Shit you’re gonna need:
Three chicken breasts (you think they’d sell this shit in packs of two. Just to be anatomically correct)
Five chorizo links (taking the casing off of these bastards is like removing a condom)
4 oz of cream cheese (softened)
garlic salt (if you don’t have this in your pantry, smack yourself. You’ve been an idiot for too long.)
pepper
3 tablespoons of dried cilantro (my mother thinks that cilantro tastes like soap and she is hell bent on telling everyone, every time that it’s an inherited trait. Well, along with not getting her distaste for cilantro, I didn’t get her long legs and perky breasts.)
‘bout half a cup of sour cream
Shit you’re gonna do:
There is nothing I love more than the smell of chorizo browning on the stovetop. Well, maybe a few others things. Like, dark chocolate, vodka, the smell of the library, a new bra, a good hair day, the smell of pumping gasoline…you get the picture. But still, the smell of that shit cooking should be a new yankee candle flavor.
See that sharp point on that spatula? Yep. That shit's gonna help you break up the chorizo, because it can get kind of chunky. You don't want chunky. You want ground round style.
After it's all browned up, you'll need to drain the meat. It takes the excess oil off and make it easier for mixing with the cream cheese. Trust me. Also, if your meat is kind of chunky, still, you'll need to chop it up once the meat has been drained. I had to do it. Because I got distracted by a phone call to my husband reminding him to grab sour cream for my cilantro cream sauce and the fact that there were three Air Supply songs playing all in a row.
Whoa. Looks ugly as hell. Don't judge. This shit will attempt acrobatics in your mouth and you'll be thankful for the glory that your tongue will scream after it gets to taste such amazingness.
Now, let's be honest here. I can't make a vagina pocket in chicken like my husband can (can't imagine why.) So, I call him over to assign him this deed that I always fuck up.
Once you have your vagina pocket, stuff it with your chorizo cream cheese mixture. I couldn't take a picture because, touching my camera with raw chicken hands is against my religion.

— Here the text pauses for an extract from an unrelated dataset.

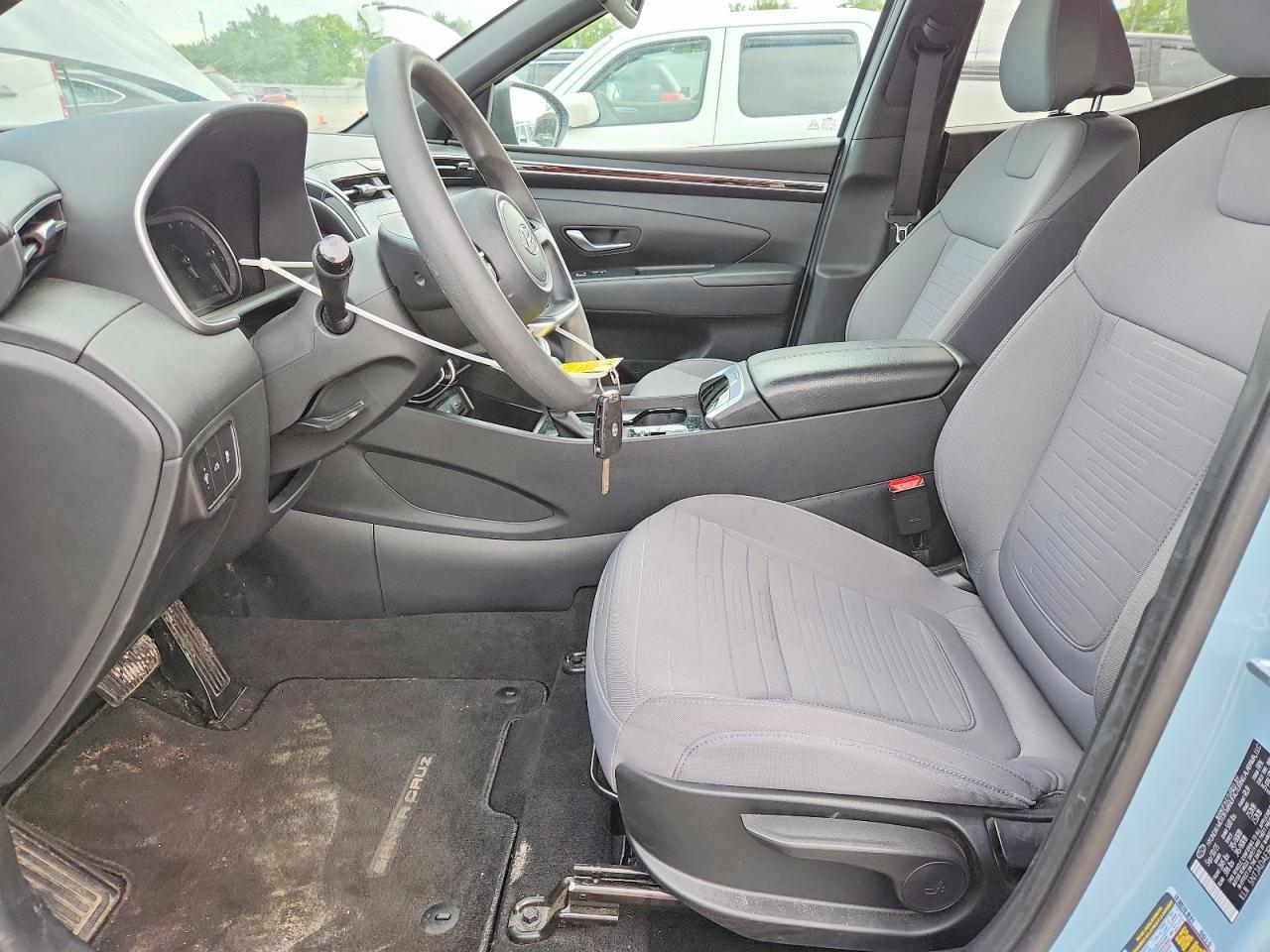 2024 Hyundai Santa Cruz Se - Image 7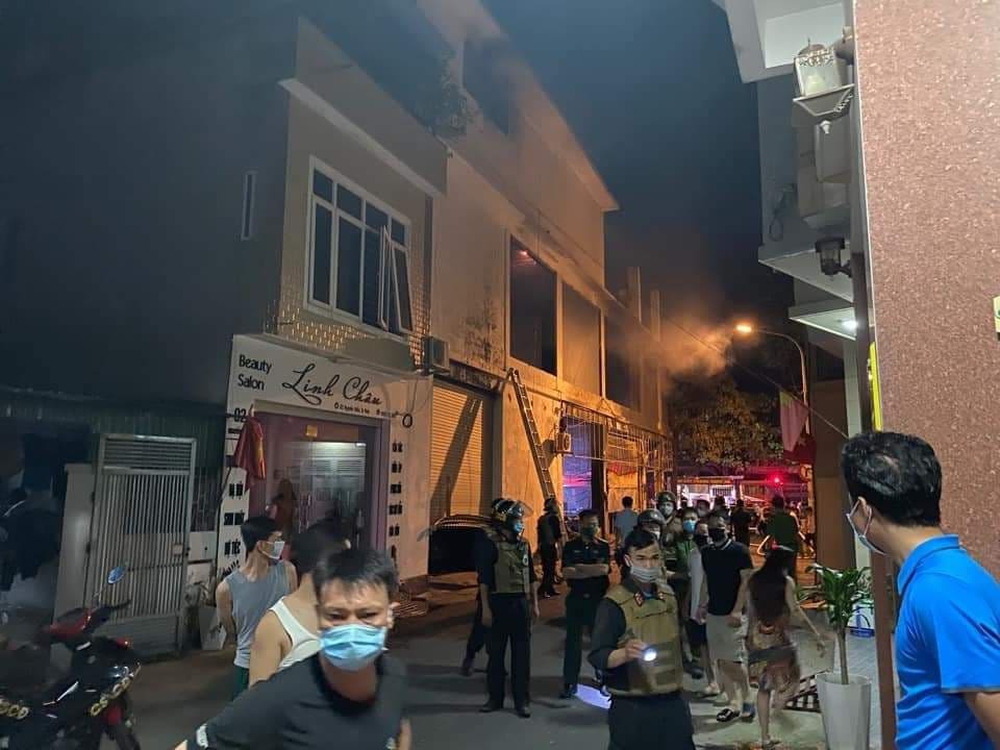 Nghệ An: Hiện trường vụ cháy kinh hoàng khiến 6 người tử vong - Ảnh 1.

So, now you've stuffed your chicken. Heat up that pan you used to brown your chorizo. There's plenty of oil and flakes of fucking goodness that the chicken will get a beautiful, brown, flavorful color all over the breast. (insert comment about how beautiful Lauryn Hill is. Yes. I'm a big fan.)
I seared the chicken in this pan that also doubles as a pan for the oven, I got lucky. But honestly, you can brown it in the pan you used for the chorizo and then use a 9x13 pan sprayed with Kitchen KY (non stick cooking spray) to bake in the oven. But make sure you cover it with aluminum foil.
But of course, I had to take it a step further and topped it with the leftover chorizo mix. Of course I did.
Now for the cilantro cream sauce. Not gonna lie, I didn't take pictures. I honestly just used the cilantro, sour cream, tabasco, white pepper, and cayenne to taste. I just stirred it up and then put a dollop on the side of my plate. Nothing fancy. Just like the dress from my 8th grade dance.